Antalya’da Büyükşehir Belediye binası önünden batıya baktığınızda Antalya’nın en güzel parklarından biri vardır. Bir zamanlar bir botanik bahçesi gibi rengârenk çiçek bahçelerine sahip olan bu parka bugün gerektiği kadar önem verilmediği gibi, yollarında motorlu vasıtalar parkı dolaşanlar arasında son hızla gidip geliyorlar. Bizim gençliğimizde bu parka değil araba, bir bisikletin bile girmesine izin verilmezdi. Karaalioğlu Türkiye’nin en güzel parklarından biridir. Bugün oraya her gidişimde, parkın o eski ihtişamı gözlerimin önüne geliyor ve içim sızlıyor. Karaalioğlu parkı 1940’lı yılların başında ve İkinci Dünya Savaşı’nın zor koşulları altında yetmiş bin metrekarelik bir alana dönemin Antalya Valisi Haşim İşcan tarafından inşa edilmişti. Parkta denize uzanan Antalyalıların “mirador” olarak adlandırdıkları üç büyük seyir terasından Beydağları; Konyaaltı Plajı sahili ve uçsuz bucaksızmış gibi görünen Akdeniz’in her an değişen bir renk çümbüşü içinde muhteşem bir görünüşü vardır. İnsan saatlerce ve hiç bıkmadan bu güzelliği hayranlıkla seyredebilir.

ZOR ŞARTLAR ALTINDA YAPILDI

Antalya kent merkezinde yer alan, eşsiz doğası ve büyüklüğü ile Antalya halkının soluklanabildikleri yerlerden biri olan Karaalioğlu Parkı’nın yapımına Avrupa’nın alevler içinde yandığı 2. Dünya Savaşı yıllarında 1941 yılında Vali Haşim İşcan zamanında başlanmıştır. Haşim İşcan ilk önce Çaybaşı’ndan gelip, Atatürk Caddesi’nin altından, kalelerin tarafına geçen ve kalelerin dibinden akan suyu, Atatürk Caddesi’nin ortasından açtırdığı kanala akıtır. Etrafı yeni dikilmiş palmiye ağaçları ve renkli elektrik lambaları ile süslenmiş olan bu kanaldaki suyun, bugünkü Büyükşehir binasının önünden geçerek, Deliktaş Plajı üzerindeki Adil Aşçıoğlu’nun buz fabrikasını çalıştırıp şelale olarak denize dökülmesi sağlanır. 1940 yılından önceden halkın gezip dolaştığı çalılık bir gezi alanı olan Karaalioğlu Bahçesi, Ermeni asıllı bir Antalyalı tarafından çizilen bölgenin planında da yine yeşil alan olarak belirtilmiştir.
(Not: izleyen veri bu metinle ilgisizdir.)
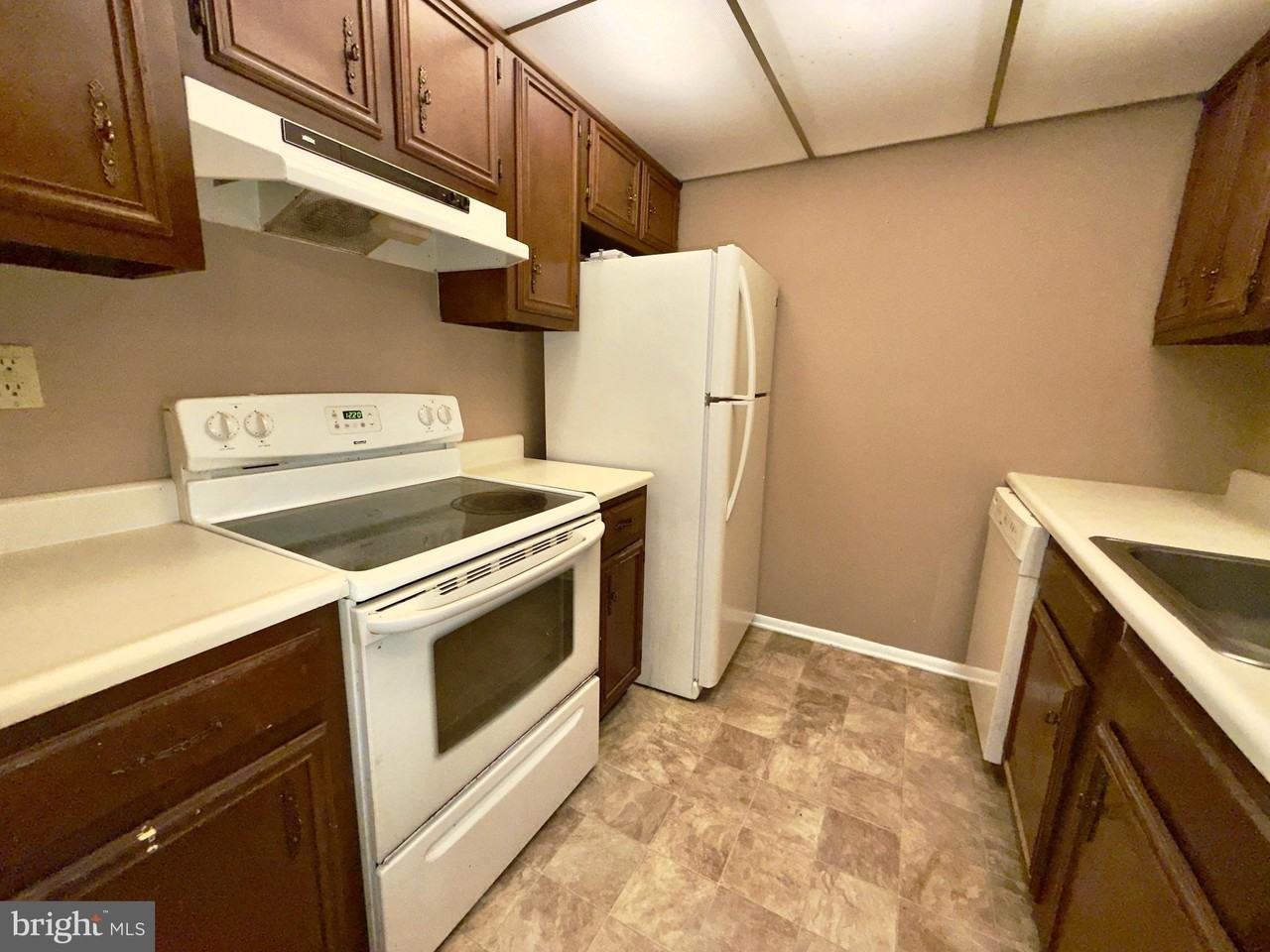 500 N Lemon St #B3 - Photo 6 of 10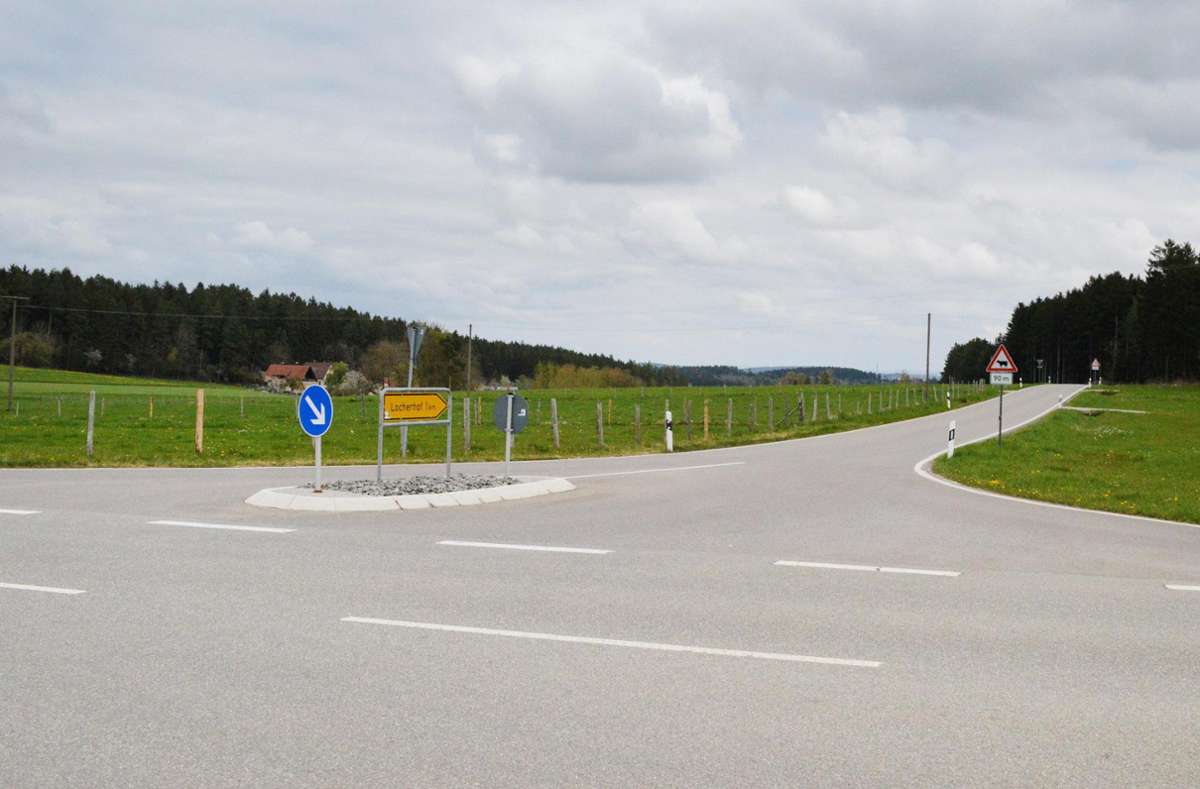 Ab der Kreuzung der beiden Kreisstraßen bis nach Oberlocherhof wird der Verkehr ab kommenden Montag bis September voll gesperrt. Foto: Herzog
Karaalioğlu park alanının bir kısmının mülkiyeti Karaalioğlu isimli bir şâhısa, bir kısmı da İl Özel İdaresi’ne aitti. Vali Haşim İşcan parka Karaalioğlu ismi vermek suretiyle bahçe sahibi ile kamulaştırma sorunu çözdü. Ancak sonraları bu kişinin varisi olan iki kızı ile İl Özel İdaresi arasında mülkiyet hakkından dolayı sorunlar yaşandı. Mülkiyet sorunu ancak 1977-1978 yılları arasında dönemin Belediye Başkanı Selahattin Tonguç zamanında çözülebildi. Parkın hemen hemen bugünkü genel görünümünü yaratan proje; 1940-1943 yılları arasındaki uygulandı. Vali Haşim İşcan’ın öncülüğünde zamanın İl Özel İdare Müdürü Muharrem Önal’ın başkanlığını yaptığı Antalya’yı Güzelleştirme Cemiyeti’nin katkılarıyla park düzenlemesi Mimar Necmettin Ateş’e yaptırıldı.

PARK HALKIN ESERİ

Haşim İşcan Karaalioğlu Parkı’nı 2. Dünya Savaşı sırasında yaptı. O zaman malzemeler çok kıttı. Gaz yağı yoktu, lastik yoktu. O zaman, benzin, lastik, gaz vs. her şey vesika ile alınıyordu. Fakat Haşim İşcan’ın hükümet ile arası çok iyiydi. Hiçbir yerde araba lastiği olmadığı zaman Antalya’da olurdu. Örneğin bir kamyoncuya bir lastik verirdi; “İki kamyon kum çekeceksin” derdi. Bazen bir teneke gazyağına bir lira alırdı. Antalya’yı Güzelleştirme Cemiyeti gelirlerini arttırmak için ayrıca bir piyango çekilişi düzenledi. Piyango bileti beş lira idi ve Bahçelievler’de yapılacak evlerden birisi de büyük ikramiye olarak çekilişe konuldu. Bu beş liralık piyango biletleri bazı kişilere yüzer adet verilerek satmaları istendi. Fakat bileti kime satacaklar? Halkın alım gücü yoktu. Bilet bedellerini çoğu kez kendileri ödediler. Biriken bu gibi paralarla Karaalioğlu Parkı, Kalekapısı’ndan Yenikapı Parkı’na kadar, ortadan ışıklı bir su kanalı ve kanalın iki tarafı beton iki cadde olarak düzenlendi. Atatürk Caddesi’nde parka giden su kanalları da düzenleme içine alındı. Antik Perge kentinden örnek alınarak Yediarıklar-Atatürk Caddesi arasında kanal düzenlemesi yapıldı. Bu düzenlemeyle bağlantılı olarak bugünkü görünümüne kavuşan Karaalioğlu Parkı, Antalyalıların hizmetine sunuldu. Park inşaatı, üç yıl kadar sürdü. Antalya Lisesi öğrencileri yevmiye karşılığı, mozaik taşı imal ederek hem kente, hem ekonomik yönden katkıda bulundular. Yapımı bittiğinde, Türkiye’de büyük bir ün yaptı. Devrin Cumhurbaşkanı 1943 yılında bu parkı görmeye geldi.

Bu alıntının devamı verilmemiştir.